Prof. Dr. Volker Großkopf: Wieso wird in dem Gesetz zwischen Pflegehilfsmittel und Hilfsmittel unterschieden?
Dr. Andreas Westerfellhaus: Damit Pflegebedürftige zügiger für sie geeignete Pflegehilfsmittel oder Hilfsmittel erhalten, ist vorgesehen, dass Pflegefachkräfte zukünftig für Pflegebedürftige, die sie pflegerisch betreuen und daher die häusliche Pflegesituation gut kennen, Empfehlungen zur Hilfsmittel- und Pflegehilfsmittelversorgung abgeben können.
Eine Unterscheidung zwischen Hilfsmittel und Pflegehilfsmittel ist auch weiterhin systembedingt erforderlich, da diesen grundsätzlich unterschiedliche Kostenträger (Kranken- bzw. Pflegekasse) zugeordnet sind.
Daneben gibt es Hilfsmittel und Pflegehilfsmittel, die sowohl den in SGB V als auch den in SGB XI genannten Zwecken dienen können (sogenannte doppelfunktionale Hilfsmittel). Für Hilfsmittel und Pflegehilfsmittel, die insbesondere der Erleichterung der Pflege und der Ermöglichung einer selbständigen Lebensführung dienen, soll nun richtigerweise eine Empfehlung durch Pflegefachkräfte möglich werden.

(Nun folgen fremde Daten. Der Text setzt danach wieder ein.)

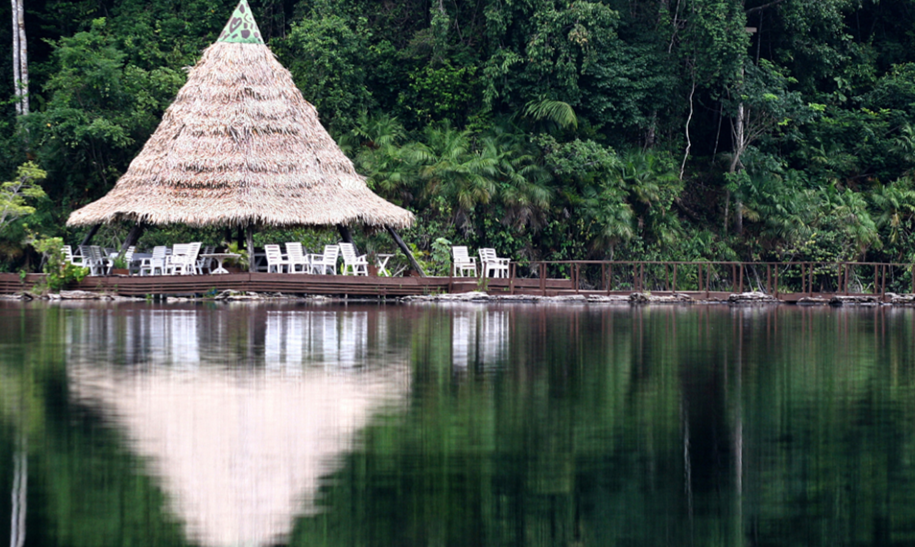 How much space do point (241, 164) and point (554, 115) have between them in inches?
349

Großkopf: Nach § 40 SGB XI soll die Möglichkeit der Hilfsmittelempfehlung durch Pflegefachkräfte ab dem 1. Juli 2021 erfolgen. Wie sind die Kassen darauf vorbereitet und wie weist die Pflegefachkraft ihre Ausbildungskompetenz nach?
Westerfellhaus: Der Gesetzgeber gibt dem Spitzenverband Bund der Krankenkassen auf, bis zum 31. Dezember 2021 in Richtlinien die Hilfsmittel und Pflegehilfsmittel, die sich für das Verfahren eignen und die hierfür erforderliche Eignung der Pflegefachkraft sowie das Nähere zur Empfehlung bei Antragstellung festzulegen.

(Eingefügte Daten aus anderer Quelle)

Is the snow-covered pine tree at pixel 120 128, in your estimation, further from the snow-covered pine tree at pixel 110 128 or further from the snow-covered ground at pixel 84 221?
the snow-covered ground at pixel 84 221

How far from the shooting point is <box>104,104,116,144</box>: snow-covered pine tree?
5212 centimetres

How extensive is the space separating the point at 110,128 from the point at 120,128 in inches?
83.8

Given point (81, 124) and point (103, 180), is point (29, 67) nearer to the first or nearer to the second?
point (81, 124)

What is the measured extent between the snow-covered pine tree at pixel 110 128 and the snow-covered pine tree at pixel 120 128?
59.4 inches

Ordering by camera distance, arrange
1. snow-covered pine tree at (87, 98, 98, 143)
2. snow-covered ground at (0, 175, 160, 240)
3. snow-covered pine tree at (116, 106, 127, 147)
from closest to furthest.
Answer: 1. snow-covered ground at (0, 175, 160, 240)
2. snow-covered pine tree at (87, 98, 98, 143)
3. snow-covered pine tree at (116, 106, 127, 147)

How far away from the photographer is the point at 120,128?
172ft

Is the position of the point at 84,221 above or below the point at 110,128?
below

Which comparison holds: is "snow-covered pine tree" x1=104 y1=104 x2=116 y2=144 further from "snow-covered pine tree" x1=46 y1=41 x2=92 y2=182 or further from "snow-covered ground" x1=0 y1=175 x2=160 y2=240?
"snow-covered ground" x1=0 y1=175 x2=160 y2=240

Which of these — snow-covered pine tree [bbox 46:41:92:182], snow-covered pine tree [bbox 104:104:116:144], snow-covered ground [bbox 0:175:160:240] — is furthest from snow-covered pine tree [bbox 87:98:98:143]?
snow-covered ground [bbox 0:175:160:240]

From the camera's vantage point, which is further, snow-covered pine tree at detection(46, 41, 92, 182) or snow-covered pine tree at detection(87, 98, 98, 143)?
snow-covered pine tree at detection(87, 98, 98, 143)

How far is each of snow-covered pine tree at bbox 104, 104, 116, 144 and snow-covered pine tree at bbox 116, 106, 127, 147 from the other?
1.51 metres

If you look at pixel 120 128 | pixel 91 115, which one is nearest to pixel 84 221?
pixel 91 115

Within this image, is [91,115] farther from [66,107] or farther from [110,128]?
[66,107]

Für die Wirkung der Empfehlung wird in der Regel eine Qualifikation der Pflegefachkraft nach dem Pflegeberufegesetz (PflBG) als ausreichend angesehen. Gemäß PflBG ist unter anderem die Erhebung und Feststellung des individuellen Pflegebedarfs Ausbildungsziel. Für Personen mit Abschlüssen nach dem bisherigen Krankenpflegegesetz und dem bisherigen Altenpflegegesetz gilt die Qualifikation ebenfalls als ausreichend, da im PflBG auch festgelegt wurde, dass deren Erlaubnis zum Führen der Berufsbezeichnung weiterhin gilt.
Großkopf: Kann ab dem 1. Juli der gesamte Hilfsmittelkatalog empfohlen werden?

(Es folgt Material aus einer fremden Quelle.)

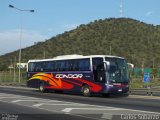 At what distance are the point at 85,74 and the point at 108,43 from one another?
59.2m

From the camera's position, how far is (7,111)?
794 inches

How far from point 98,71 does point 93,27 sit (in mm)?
76847

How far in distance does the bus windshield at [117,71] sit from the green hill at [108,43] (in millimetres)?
45217

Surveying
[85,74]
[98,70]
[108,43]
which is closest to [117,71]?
[98,70]

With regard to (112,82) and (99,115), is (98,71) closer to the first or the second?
(112,82)

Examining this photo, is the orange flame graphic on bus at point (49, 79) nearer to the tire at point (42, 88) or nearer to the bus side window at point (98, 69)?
the tire at point (42, 88)

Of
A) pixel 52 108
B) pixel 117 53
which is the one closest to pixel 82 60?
pixel 52 108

Westerfellhaus: Es können die Hilfsmittel und Pflegehilfsmittel empfohlen werden, die den Zielen des § 40 SGB XI entsprechen, das heißt die zur Erleichterung der Pflege oder zur Linderung von Beschwerden des Pflegebedürftigen beitragen oder dem Pflegebedürftigen eine selbständigere Lebensführung ermöglichen.
Großkopf: Warum gibt es bezüglich der Substitution ärztlicher Aufgabe auf entsprechend ausgebildete Pflegefachkräfte wiederum nur ein Modellprojekt gemäß § 64d SGB V. Wieso wird nach mittlerweile 13 Jahre diese Idee nicht in den Wirkbetrieb überführt?
Westerfellhaus: Die gesetzlich längst mögliche und auch schon in der Konzertierten Aktion Pflege diskutierte Heilkundeübertragung war bislang aufgrund zu komplizierter Verfahren und mangels (Eigen-) Interesse bestimmter Beteiligter nicht genutzt worden. Mit der nun im GVWG vorgesehenen Regelung bringt die Bundesregierung neuen Schwung in dieses Verfahren und verpflichtet die Kassen zu Modellvorhaben in allen Bundesländern. Dies ist ein wichtiger Meilenstein auf dem Weg in die Regelversorgung. Und Pflegefachpersonen können nun endlich zeigen was sie können und das anwenden und tun, was sie gelernt haben und wofür sie schon lange hoch qualifiziert sind.
Zur Person: Dr. Andreas Westerfellhaus ist Bevollmächtigter der Bundesregierung für Pflege. Der Familienvater ist gelernter Krankenpfleger und studierter Pädagoge. Er ist seit dem 15. April 2018 im Amt.